Streaming Hybrid Architecture Vector Engine v2.0 (SHAVE v2.0) is an accelerator microarchitecture designed by Movidius for their vision processors. SHAVE-based products are branded as the Myriad family of vision processors.

History

The original SHAVE architecture was designed primarily for the acceleration of game physics. Low demand for expensive physics acceleration in smartphones has forced to re-focused on image and vision processing. Their architecture was versatile enough that it allowed for fairly simple modification to target machine vision processing.

Process Technology

Main article: 65 nm lithography process

This microarchitecture was designed for TSMC's 65 nm process.

Architecture

Instruction Set

SHAVE supports a mixture of many different types of instructions belonging to a number of different classes of architectures.

  • RISC style
    • Instruction predication
    • Large set of integer operations
  • VLIW style
    • Parallel functional units controlled by VLIW instructions
    • 8/16/32-bit x 1-4 SIMD int
  • DSP style
    • Zero overhead looping
    • Modulo addressing
    • Transparent DMA modes
    • FFT, Viterbi, etc..
    • Parallel comparisons
  • GPU style
    • Streaming operations
    • 16/32-bit FP operations
    • Texture management unit

Block Diagram

Entire SoC

shave v2 soc block.svg

Individual Core

shave v2 block diagram.svg

Overview

shave v2 overview.svg

Architecturally, SHAVE is organized similar to IBM's CELL architecture. There are independent SHAVE cores, with up to eight in this generation may be chained together. Cores benefit from zero penalty from their two neighbors closest, an intrinsic property of architecture that inherently benefits most code. The chip features an L2 cache that is shared by all the cores as well as an integrated DDR2 memory controller that is connected to an on-package KGD stacked die ranging from 8 to 64 MiB of SDRAM.
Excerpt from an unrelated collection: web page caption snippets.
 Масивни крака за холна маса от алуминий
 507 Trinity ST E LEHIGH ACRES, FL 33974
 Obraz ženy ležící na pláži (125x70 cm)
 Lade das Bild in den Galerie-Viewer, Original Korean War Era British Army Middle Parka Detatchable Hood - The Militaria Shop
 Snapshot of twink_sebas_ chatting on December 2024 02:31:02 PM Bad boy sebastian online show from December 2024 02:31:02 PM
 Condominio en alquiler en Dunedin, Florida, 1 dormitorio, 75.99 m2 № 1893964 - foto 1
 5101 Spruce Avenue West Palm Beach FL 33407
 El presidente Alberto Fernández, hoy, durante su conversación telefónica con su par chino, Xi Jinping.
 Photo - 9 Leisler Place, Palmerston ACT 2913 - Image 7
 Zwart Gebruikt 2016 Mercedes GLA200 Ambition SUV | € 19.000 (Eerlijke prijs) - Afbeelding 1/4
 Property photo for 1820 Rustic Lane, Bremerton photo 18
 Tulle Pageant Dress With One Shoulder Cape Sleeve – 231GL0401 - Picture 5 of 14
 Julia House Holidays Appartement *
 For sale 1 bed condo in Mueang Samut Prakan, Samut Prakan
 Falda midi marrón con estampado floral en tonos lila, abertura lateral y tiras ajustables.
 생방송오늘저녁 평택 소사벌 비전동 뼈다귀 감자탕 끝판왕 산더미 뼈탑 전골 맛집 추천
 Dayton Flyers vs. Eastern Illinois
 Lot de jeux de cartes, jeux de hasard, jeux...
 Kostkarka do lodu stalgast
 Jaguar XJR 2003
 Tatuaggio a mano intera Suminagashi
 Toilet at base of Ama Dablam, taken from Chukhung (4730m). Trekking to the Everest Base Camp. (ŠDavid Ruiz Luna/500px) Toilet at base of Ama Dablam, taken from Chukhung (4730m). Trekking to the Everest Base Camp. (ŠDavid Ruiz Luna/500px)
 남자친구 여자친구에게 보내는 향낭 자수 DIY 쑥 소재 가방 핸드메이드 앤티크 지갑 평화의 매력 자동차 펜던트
A large set of peripherals are attached to the parameter of the chip which communicate with the cores via the AXI bus. Those peripherals include support for two high-resolution cameras (up to 12 megapixel) at high rate and high-resolution LCD controllers. The various peripherals can be software-multiplexed via the limited number of I/O pins in the package. The overall management controller core is a synthesizable SPARC V8 LEON3.

Core

The underlying concept behind the SHAVE core is extracting significant data-level parallelism. Each SHAVE core is a variable-length very long instruction word (VLLIW) processor that can operates on native 32-bit integer and 128-bit vector values. Each core incorporates a number of different types of register files as well as a large set of execution units that make use of the multiple register files with a large number of ports in order to operate on a relatively big set of values at once.

Every SHAVE core resides on an independent power island. Although we were not able to verify this, presumably you can enable and disable cores based on your power requirements through software.

Register Files

There are three register files: Integer Register File (IRF), Scalar Register File (SRF), Vector Register File (VRF).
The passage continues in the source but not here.